Las dos noticias que siguen se refieren a preparativos de China ante la eventualidad de conflictos armados, uno al noreste, en la frontera con Corea del Norte, y el otro al suroeste, en la frontera con India. Este último no parece muy serio, pero el primero sí. Veamos las dos noticias, que aparecen hoy en Zero Hedge:
Título:
"Time Is Running Out" - China Is Planning For A Crisis Along North
Korean Border
Texto: Despite
Chinese officials reassurance that "military means shouldn’t be an
option," WSJ reports that China has been bolstering defenses along its
880-mile frontier with North Korea and realigning forces in surrounding regions
to prepare for a potential crisis across their border, including the
possibility of a U.S. military strike.
While all eyes in
America are once again distracted by "Russia"-related narratives and
the dismal GOP efforts to replace, repeal, re-who-knows-what Obamacare, the
threat of North Korea has not gone away... and neither has China's
preparations.
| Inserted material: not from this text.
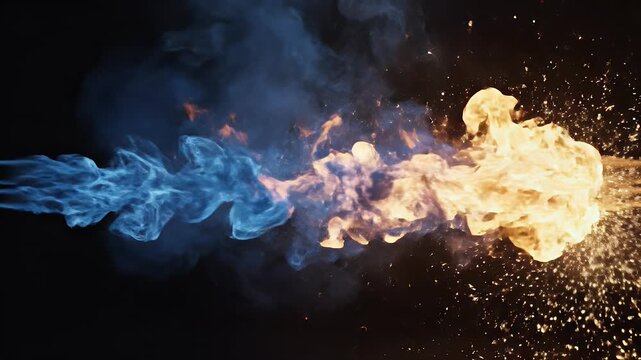 Intense blue and yellow flames with smoke and sparks erupting dynamically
As President Trump stepped up the rhetoric, pressuring China to
do more to 'solve' the North Korean problem, and threatening military action to
halt Kim's nuclear weapons program ambitions, it is clear that China has used
this crisis to not just prepare for potential problems with North Korea but to
reinforce military forces elsewhere.
The Journal
writes that a review of official military and government websites and
interviews with experts who have studied the preparations show that Beijing has
implemented many of the changes in recent months after initiating them last
year.
Recent measures
include establishing a new border defense brigade, 24-hour video surveillance
of the mountainous frontier backed by aerial drones, and bunkers to protect
against nuclear and chemical blasts, according to the websites.
China’s military
has also merged, moved and modernized other units in border regions and
released details of recent drills there with special forces, airborne troops
and other units that experts say could be sent into North Korea in a crisis.
They include a
live-fire drill in June by helicopter gunships and one in July by an armored
infantry unit recently transferred from eastern China and equipped with new
weaponry.
China’s Defense
Ministry didn’t respond directly when asked if the recent changes were
connected to North Korea, saying only in a written statement that its forces
“maintain a normal state of combat readiness and training” on the border.
While Chinese
authorities have been preparing for North Korean contingencies - including
economic collapse, nuclear contamination, or military conflict - according to
U.S. and Chinese experts who have studied Beijing’s planning, perhaps more
intriguing, as Mark Cozad, a former senior U.S. defense intelligence official
for East Asia, now at the Rand Corp, explains..
China’s contingency
preparations “go well beyond just seizing a buffer zone in the North and border
security."
In other words,
China is not letting a good crisis go to waste. Coad goes to note:
“Once you start
talking about efforts from outside powers, in particular the United States and
South Korea, to stabilize the North, to seize nuclear weapons or WMD, in those
cases then I think you’re starting to look at a much more robust Chinese
response."
“If you’re going
to make me place bets on where I think the U.S. and China would first get into
a conflict, it’s not Taiwan, the South China Sea or the East China Sea: I think
it’s the Korean Peninsula.”
As The Journal
further notes, Beijing also appears to be enhancing its capability to seize
North Korean nuclear sites and occupy a swath of the country’s northern
territory if U.S. or South Korean forces start to advance toward the Chinese
border, according to those people. That, they say, would require a much larger
Chinese operation than just sealing border, with special forces and airborne
troops likely entering first to secure nuclear sites, followed by armored
ground forces with air cover, pushing deep into North Korea. It could also
bring Chinese and U.S. forces face to face on the peninsula for the first time
since the war there ended in 1953 with an armistice - an added complication for
the Trump administration as it weighs options for dealing with North Korea.
China has long
worried that economic collapse in North Korea could cause a refugee crisis,
bring U.S. forces to its borders, and create a united, democratic and
pro-American Korea. But as WSJ's Ben Kesling
reports, China’s fears of a U.S. military intervention have risen since
January as Pyongyang has test-fired several missiles, including one capable of
reaching Alaska. In a notably outspoken article written in May, retired Maj.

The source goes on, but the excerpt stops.